Dia seguinte, 17 de maio, Dia Mundial de Luta contra a Homofobia, participamos de atividades no “El mejunje”, circulamos pela cidade e embarcamos para Varadero – praia, finalmente. Antes, uma parada na Plaza de la Revolución dedicada a Che Guevara, com museu onde se encontram seus restos mortais e de outros soldados. Chegamos em Varadero à noite já. Jantar e um banho rápido, nas claras águas do mar caribenho, descanso e preparação para o dia seguinte.
Nos três dias seguintes, assessorei o curso “Diversidade sexual e teologia”. Utilizando a metodologia de educação popular, trabalhei com um grupo de lideranças cubanas formas de construir discursos e práticas teológicas que partam da experiência de cada um e cada uma reunidos/as em comunidade. Com o grupo do Brooklyn compartilhei o que tem sido produzido e quais as condições de produção de teologias LGBT na América Latina. Houve momentos de integração, de troca de experiência, de debate, de surpresa, de comunhão. Também momentos de festa, de celebração. Dias intensos, profundos, por vezes desestabilizadores, emoções à flor da pele. Ninguém voltou como veio. E de volta a Havana.
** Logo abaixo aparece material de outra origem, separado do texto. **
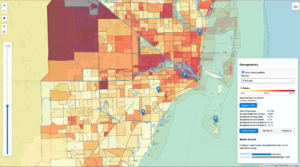 Map of Miami, FL with data overlaid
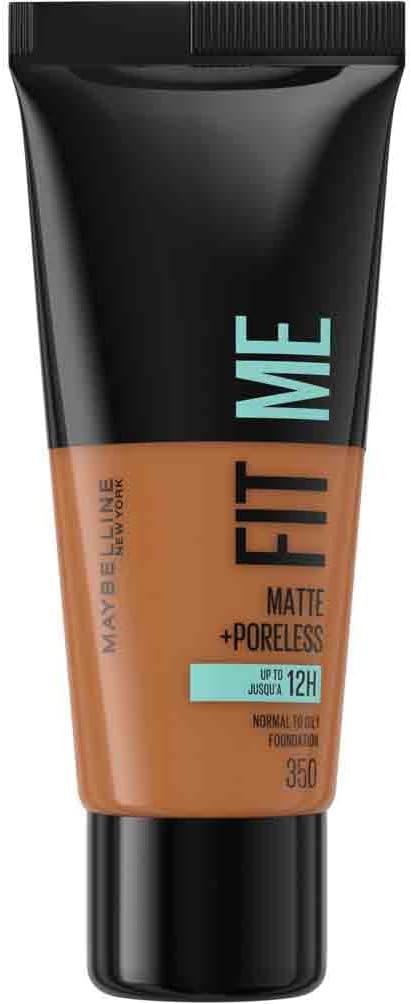 Maybelline Fit Me Foundation, Medium Coverage, Blendable With a Matte and Poreless Finish, For Normal to Oily Skin, Shade: 350 Caramel, 30ml Maybelline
É difícil, ainda, colocar palavras no que tudo isso significou. Quiçá nunca será possível. Cada detalhe, os rostos, as roupas, os prédios, as ruas, os carros, as palavras, os olhares, misturados com as perguntas, com as ansiedades, e também com os projetos, os sonhos. O poder simbólico e real de Cuba para quem sonha e luta por uma outra sociedade, os erros e acertos, a continuidade e a necessidade do processo revolucionário, a institucionalidade, tudo como parte desse mejunje de coisas indissociáveis. O ânimo, o cansaço, a alegria e o desespero, as dúvidas e as respostas, as perguntas e as perspectivas... Tudo afirmado e questionado. E seguimos lutando, todos os dias, hasta la victoria siempre!